Tebboune, qui avait pourtant fait l’éloge de Macron il y a quelques mois, se découvre grand pourfendeur de la France. Eh oui, depuis, il y a eu la sortie de Macron sur le Sahara occidental. Sacrilège pour les autorités algériennes.
En réponse, elles rappellent dare dare l’ambassadeur d’Algérie à Paris. Pour autant, cela n’a pas empêché Emmanuel Macron de dépêcher à Alger Mme Anne-Claire Legendre, son envoyée spéciale et conseillère Afrique du Nord et Moyen-Orient le 11 septembre dernier. Elle sera même reçue par Tebboune. Des voix se sont d’ailleurs interrogées comment se fait-il qu’une simple envoyée spéciale soit reçue officiellement par le chef de l’Etat en personne, alors même que les relations sont au plus bas ! En vrai, en dépit de la crise, Tebboune n’a jamais caché son désir d’être accueilli en France en visite officielle.
Lors d’un entretien télévisé le 5 octobre, il a récemment écarté l’idée d’une visite en France « Je n’irai pas à Canossa », a-t-il déclaré, exprimant ainsi son refus d’implorer un pardon. Cette expression, popularisée par Bismarck, évoque le voyage humiliant de l’empereur Henri IV, qui se rendit à Canossa pour demander grâce au pape. Ce choix de mots révèle une posture de défi face à Paris, symbolisant une rupture dans le dialogue.

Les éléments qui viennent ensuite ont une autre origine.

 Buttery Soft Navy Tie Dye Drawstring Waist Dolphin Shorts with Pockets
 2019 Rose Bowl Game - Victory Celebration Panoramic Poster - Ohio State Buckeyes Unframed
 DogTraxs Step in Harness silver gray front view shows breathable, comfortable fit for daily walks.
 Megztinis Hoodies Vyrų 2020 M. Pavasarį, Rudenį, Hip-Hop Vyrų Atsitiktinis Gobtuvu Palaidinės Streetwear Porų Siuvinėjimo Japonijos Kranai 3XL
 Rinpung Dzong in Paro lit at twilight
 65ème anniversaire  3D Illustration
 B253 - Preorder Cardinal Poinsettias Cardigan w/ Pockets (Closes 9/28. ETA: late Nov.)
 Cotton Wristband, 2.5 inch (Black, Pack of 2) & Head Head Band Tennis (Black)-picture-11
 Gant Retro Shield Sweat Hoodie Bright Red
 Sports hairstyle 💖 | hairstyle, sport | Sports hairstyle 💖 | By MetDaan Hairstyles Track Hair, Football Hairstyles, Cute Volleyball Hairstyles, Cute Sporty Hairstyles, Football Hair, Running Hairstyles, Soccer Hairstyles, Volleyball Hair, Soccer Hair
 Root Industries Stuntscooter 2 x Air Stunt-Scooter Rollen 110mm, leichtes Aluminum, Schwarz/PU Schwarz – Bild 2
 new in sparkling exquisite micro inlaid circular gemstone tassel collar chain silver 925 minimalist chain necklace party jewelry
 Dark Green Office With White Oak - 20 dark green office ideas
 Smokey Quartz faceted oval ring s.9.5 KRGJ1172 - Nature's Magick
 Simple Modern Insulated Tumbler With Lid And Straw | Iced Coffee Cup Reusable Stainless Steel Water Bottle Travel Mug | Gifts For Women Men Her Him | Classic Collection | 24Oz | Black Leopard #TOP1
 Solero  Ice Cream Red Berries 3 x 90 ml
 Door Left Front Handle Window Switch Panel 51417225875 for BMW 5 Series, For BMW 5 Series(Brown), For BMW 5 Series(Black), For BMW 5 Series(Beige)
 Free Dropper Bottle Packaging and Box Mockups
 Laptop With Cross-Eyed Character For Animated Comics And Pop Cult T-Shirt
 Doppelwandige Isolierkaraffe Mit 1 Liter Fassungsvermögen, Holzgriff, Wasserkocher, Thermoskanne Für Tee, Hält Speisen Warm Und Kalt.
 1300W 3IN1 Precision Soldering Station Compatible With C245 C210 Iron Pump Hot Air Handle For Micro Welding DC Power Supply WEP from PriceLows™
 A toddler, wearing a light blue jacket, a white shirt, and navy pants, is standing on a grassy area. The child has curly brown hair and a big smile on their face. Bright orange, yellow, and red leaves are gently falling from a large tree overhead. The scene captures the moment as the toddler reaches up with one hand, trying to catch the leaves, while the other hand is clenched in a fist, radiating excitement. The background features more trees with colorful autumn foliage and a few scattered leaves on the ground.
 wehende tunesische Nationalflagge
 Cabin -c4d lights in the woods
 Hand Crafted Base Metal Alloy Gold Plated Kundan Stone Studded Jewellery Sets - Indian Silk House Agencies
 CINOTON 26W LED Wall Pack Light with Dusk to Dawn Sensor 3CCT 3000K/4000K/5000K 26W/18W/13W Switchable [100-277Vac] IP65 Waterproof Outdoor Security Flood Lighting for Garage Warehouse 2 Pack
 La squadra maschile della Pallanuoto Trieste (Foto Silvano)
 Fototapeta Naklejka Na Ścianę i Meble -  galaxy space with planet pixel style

La visite de Tebboune, sans cesse repoussée depuis mai 2023, était dernièrement prévue entre fin septembre et début octobre 2024. Cependant, les relations entre l’Algérie et la France ont de nouveau pris un tournant glacial après l’annonce, fin juillet, de l’appui de Paris au plan d’autonomie marocain pour le territoire disputé du Sahara occidental. Alger a immédiatement rappelé son ambassadeur en France et a réduit sa représentation diplomatique, ne conservant qu’un chargé d’affaires.
Le chef de l’Etat algérien, réélu dans un contexte de controverse entourant les résultats électoraux, a exprimé sa déception concernant l’évolution des relations franco-algériennes. Il a dénoncé les « mensonges » véhiculés sur l’Algérie, n’hésitant pas à évoquer un « génocide » lors de la colonisation. Cet usage de l’histoire pour alimenter un discours nationaliste résonne avec les profondes blessures laissées par la guerre d’Algérie. Pourtant, cet affrontement rhétorique contraste avec ses récentes déclarations enthousiastes concernant une éventuelle visite en France.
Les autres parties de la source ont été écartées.